Cir. Ct. No. 2012FA315
APPEAL from an order of the circuit court for Columbia County: ALAN J. WHITE, Judge. Affirmed.
¶1 KLOPPENBURG, P.J. This is an ongoing dispute over physical placement of two minor children born in 2003 and 2005, between the children's mother, Lori Erickson, and the children's adjudicated father, Steven Coons. Lori and Steven have both filed multiple motions since 2006 to modify physical placement. In response to the most recent motions, pertinent to this appeal, on June 16, 2015, the circuit court entered a decision and order awarding Steven limited physical placement according to a specific schedule and with certain conditions. Lori denied Steven placement, and after a hearing the circuit court entered an order on October 6, 2015 finding Lori in contempt for violating the June 2015 physical placement order and setting purge conditions. Lori continued to deny Steven placement, and after a hearing the circuit court entered an order on March 11, 2016 finding Lori in contempt for violating the prior placement and contempt orders, sentencing her to ten days in jail, and setting purge conditions. This appeal followed. For the reasons stated below, I affirm.

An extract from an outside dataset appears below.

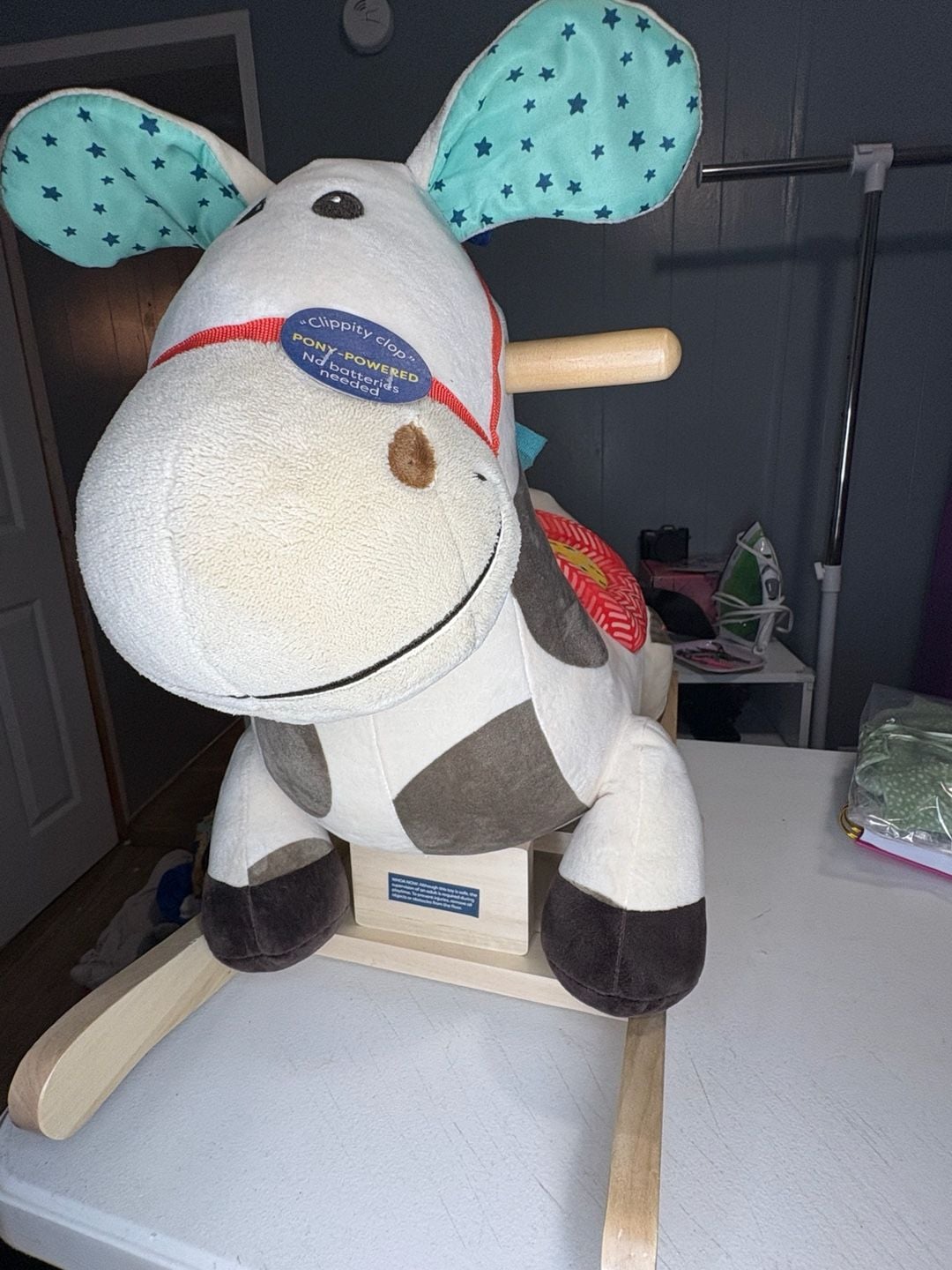 B. toys Rodeo Rocker Spotty Plush Toy Rocking Horse 1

This appeal is decided by one judge pursuant to WIS. STAT. § 752.31(2)(h) (2013-14). All references to the Wisconsin Statutes are to the 2013-14 version unless otherwise noted.
I refer to the parties by their first names in this opinion, as they are referred to in the order on appeal.
BACKGROUND
¶2 The physical placement battle between Lori and Steven has been ongoing for over ten years. The undisputed facts and procedural history pertinent to the appeal at this juncture of the battle are as follows.
Start of Physical Placement Case
¶3 Lori gave birth to W.N.E. in March 2003 and to K.E. in April 2005. Steven was adjudicated the father of both children.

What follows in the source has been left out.